At the end of June 1961, Congo’s first anniversary of Independence, the Miss Leo 1961 pageant was organized in Parc De Bock across from the Zoo (Feb. 6, 2011). Bracongo Breweries (Polar) sponsored the Negro Success band, Pepsi sponsored the Jecokat orchestra while Canada Dry paid for the announcement in the Courier d’Afrique newspaper.
Advertisement for the Miss Leo 1961 pageant in the Courier d'Afrique newspaper.
Mlle. Sophie Mbata, Miss Leopoldville 1961 - Her card says "La nouvelle bouteille hostesse"

The following September, Pepsi Cola sponsored an exhibit of Congolese artists at its headquarters in New York City, which featured some of Alhadeff’s protégés, including six pieces by Francois Thango. Some critics charged that Alhadeff was only generating more knock-offs for the tourist trade, but international recognition of some of his artists demonstrated that finding talent required a large net.
Market scene by Thango
The Ivory Market at Place Braconnier.
The Ivory Market in the early 1960s - note several UN soldiers looking for bargains.
After Independence, the soda bottlers continued to expand their production in response to the burgeoning Kinshasa market.  By 1970, the Coca Cola bottler recorded sales up 59% from the previous year.  The Pepsi plant, Boissons Nationales, had a daily production of 3,600 cases.  The Zairianization in November 1973 presented a problem for Pepsi.  Ostensibly an international corporation and exempt from the nationalization measures, it was a franchise of the Alhadeff interests. Alhadeff had died in 1972, but the family incorporated American Alhadeff in Delaware in an attempt to protect the family investments.

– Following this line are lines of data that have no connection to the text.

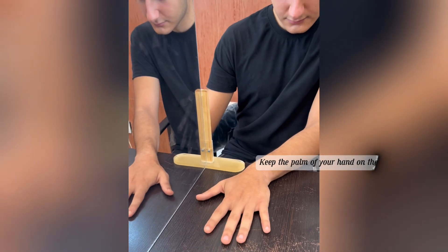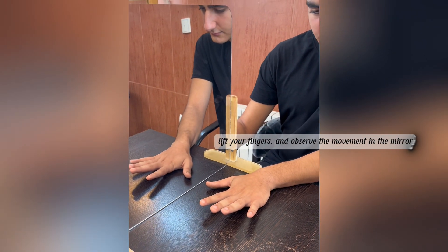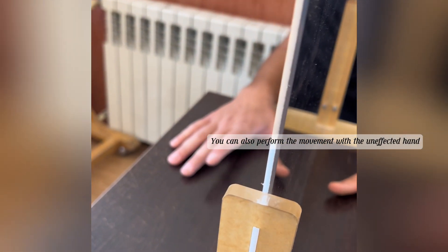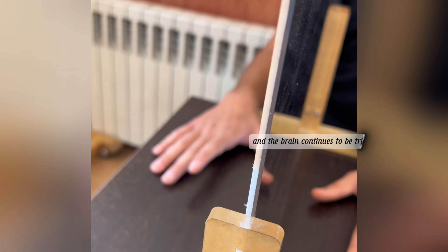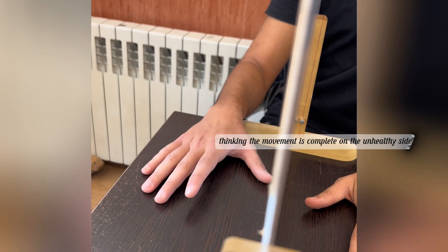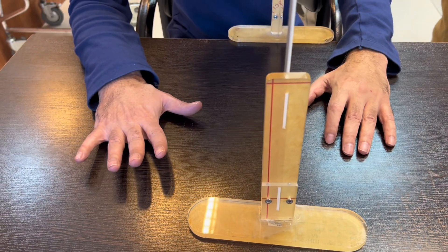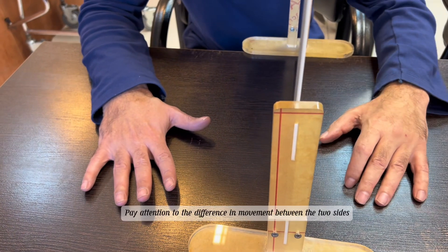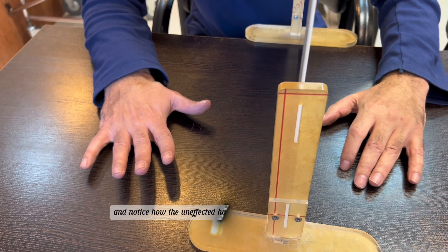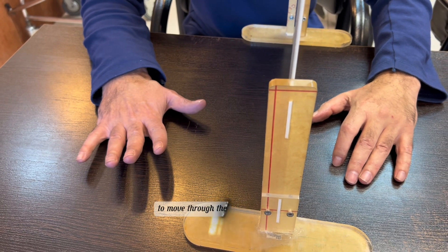Keep the palm of your hand on the table, lift your fingers, and observe the movement in the mirror. You can also perform the movement with the unaffected hand, and the brain continues to be tricked, thinking the movement is complete on the unhealthy side. Pay attention to the difference in movement between the two sides and notice how the unaffected hand encourages the affected hand to move through the brain's connection.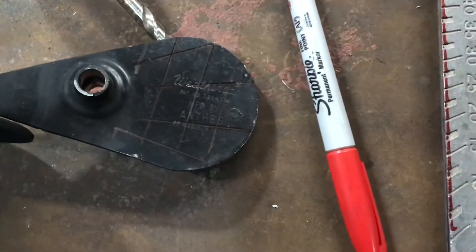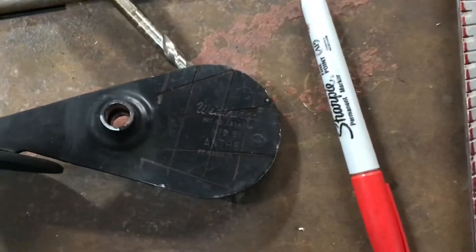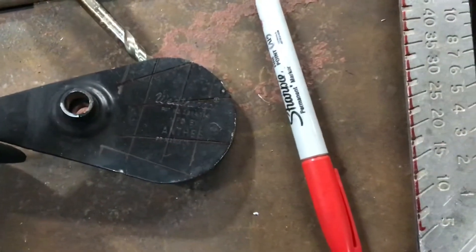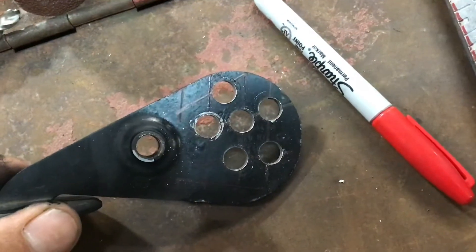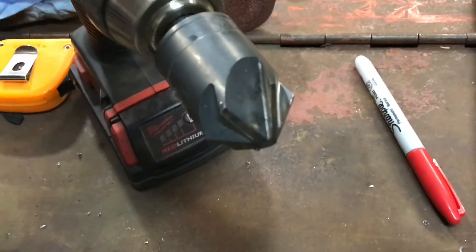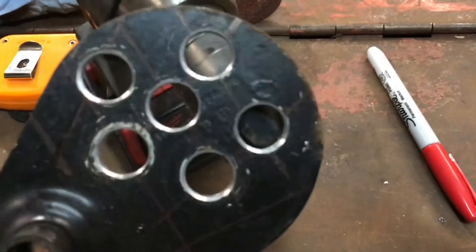So I marked out this grid — it's not straight, it's not perfect — but I've got different sized drill bits and I'll just see what fits. I ended up not really following my grid; I just started drilling holes. I ran a tamper bit on the holes just to smooth them out a little bit.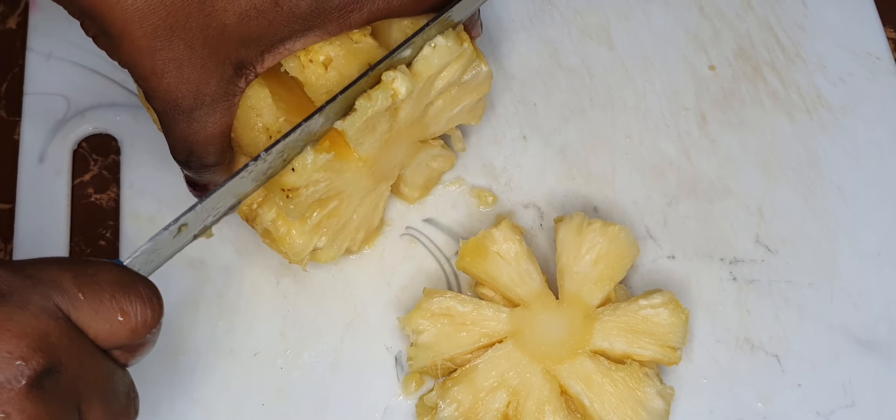This is where all our cuttings come in — if you did a good job at the cuttings, you'll definitely have some nice shapes. Because the pineapple has been roasted, it's dripping with all these juices, so you need somewhere to drain the juice as you're cutting through.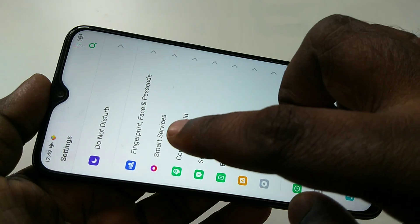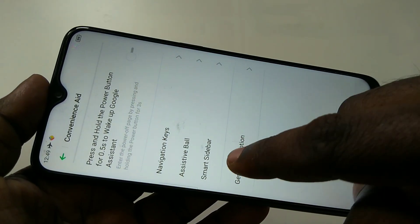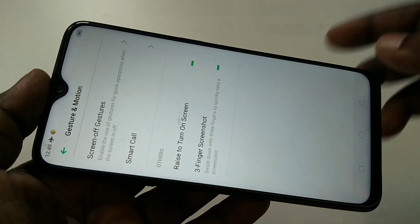Tap on Convenience Aid, then tap on Gesture and Motion. There you can see the three-finger screenshot option — enable it, then only it will work.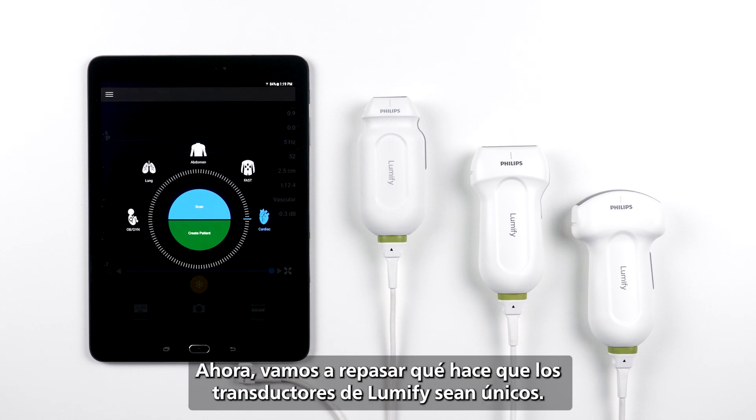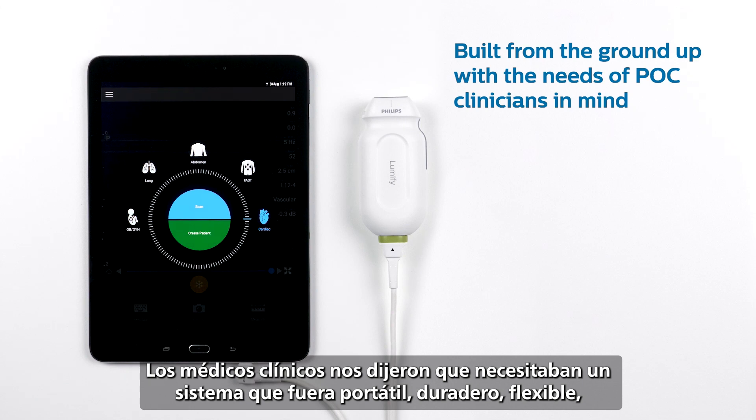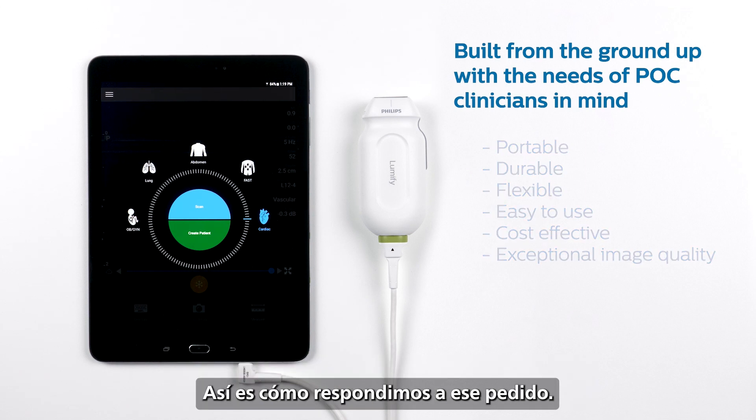Now let's go over what makes Lumify transducers unique. To start, Lumify was built from the ground up with the needs of point-of-care clinicians in mind. Clinicians told us they needed a system that was portable, durable, flexible, easy to use, cost-effective, and yet maintained exceptional image quality. Here's how we answered the call.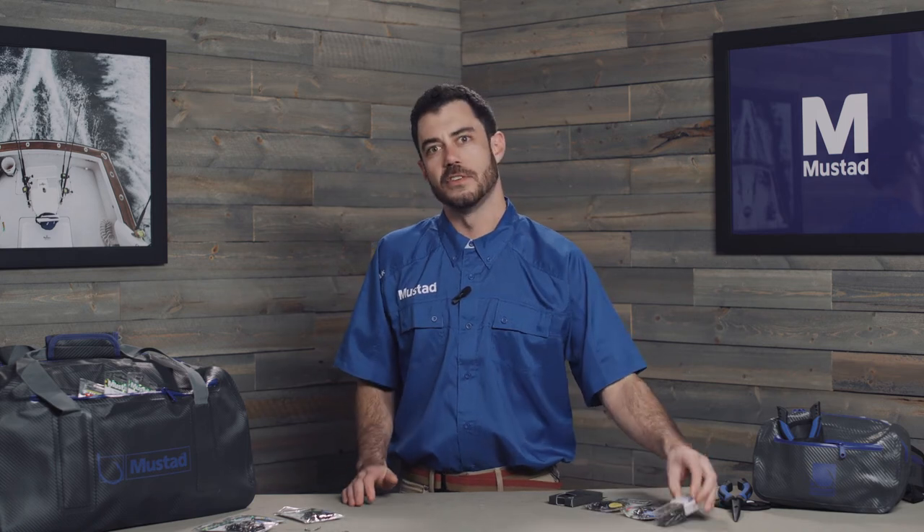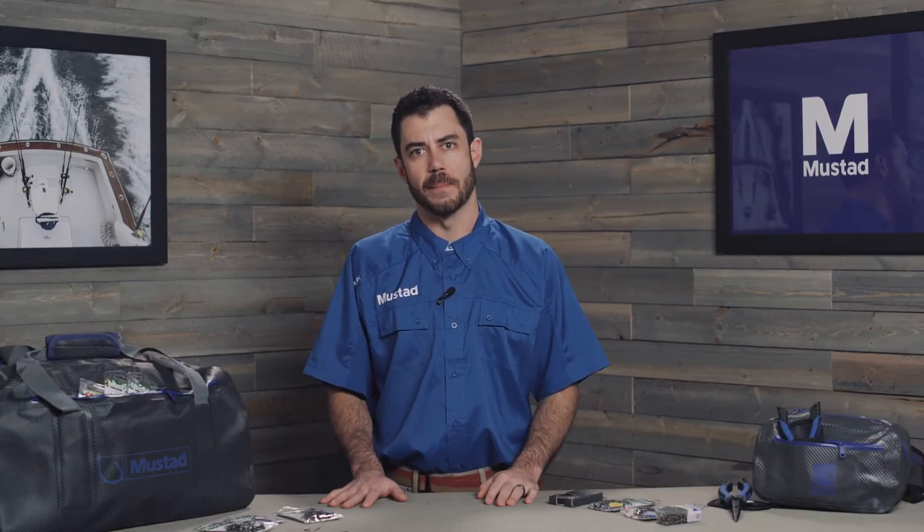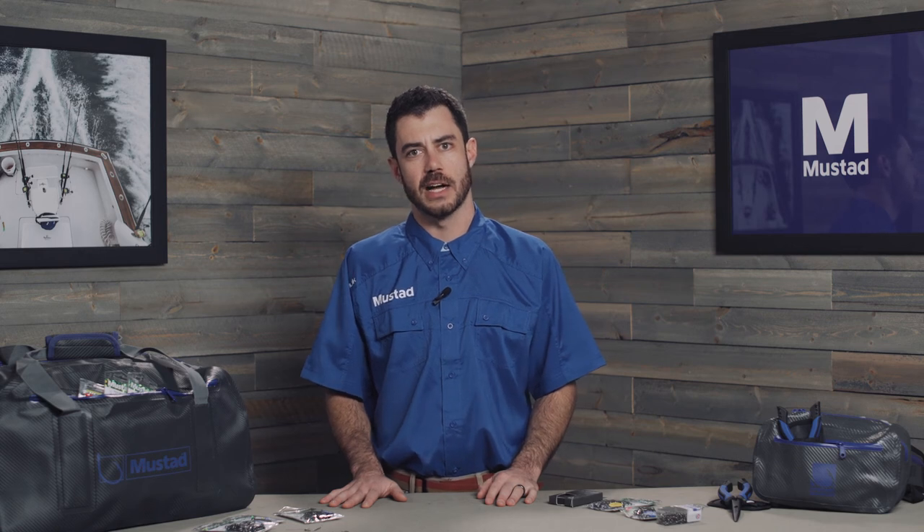We have our Circle Hooks in the Classic Offering. These are great for a price conscious option and they often come in bulk. For more information and to find the size and style that best fits your needs, head to mustad-fishing.com.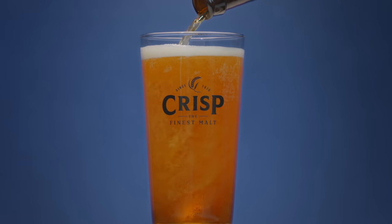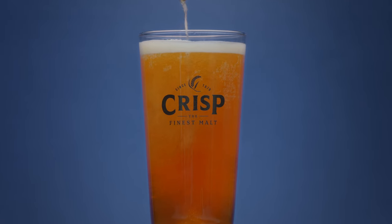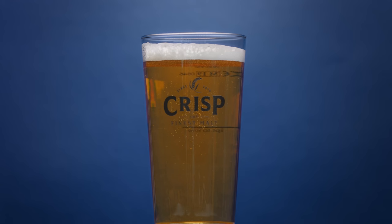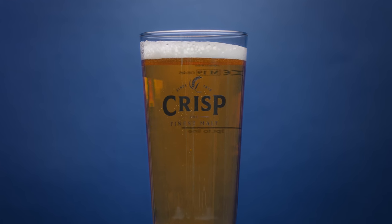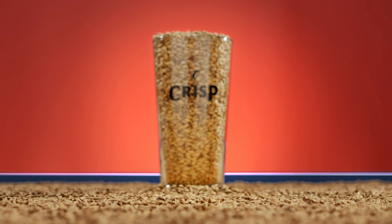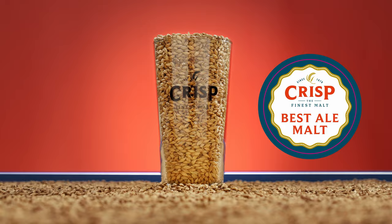The kiln profile helps develop a malty, biscuity flavour and an aroma that's ideal for making all types of ale. We also use the same barley to produce our extra pale, which has a slightly more gentle kilning profile, bringing a lower colour, slightly less flavour — more neutral — and it's ideal for making blondes, golden ales and even lagers.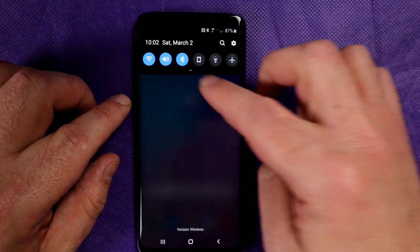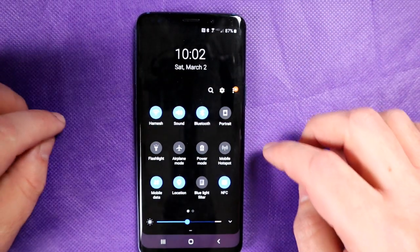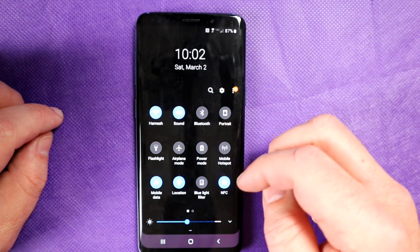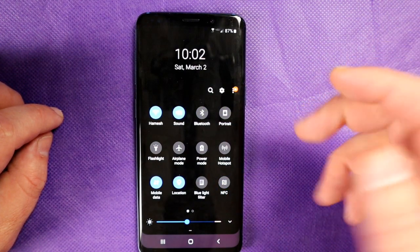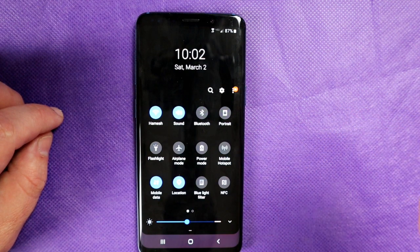Let's start with a couple of the basics. Firstly, a lot of people just simply forget to do this — just disable things that you don't need to have running right now. For example, Bluetooth: I don't need that at the moment. NFC, I never leave on because there's no reason to. I leave it on when I need to use it, to pair up with my camera, for example.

A sidewalk cafe outside the Diacomichalis building on Boulevard Albert.
Another Jean Depara photo taken outside the Afro Negro Night Club on Ave De Gaulle.
The independent bottlers were in the crux of market forces.  Canada Dry (Mineral Kin) does not appear to have survived the Zairianization in 1974. Coca-Cola, now Indus Boissons, was acquired by Bralima in 1992 and Pepsi’s Bonal in 1998.  The Coca-Cola brand is everywhere in Kinshasa, but Pepsi disappeared from the market (except for imported canned drinks). New players include Industrie des Boissons au Congo, operating out of the former Bata shoe factory on Ave. des Poids Lourds (the fate of that company another story in itself). In addition to producing the new Coke Zero on the local market, Bralima’s primary innovation is upscale marketing of the Vital’O grenadine soda.
Bralima's Vital'O on Ave. Lukusa.
Entrance to the old Pepsi plant on Ave. du Commerce. The detail in the guardhouse on the right attests to its former glory.
Pepsi crate as a TV stand for a sentinelle's post.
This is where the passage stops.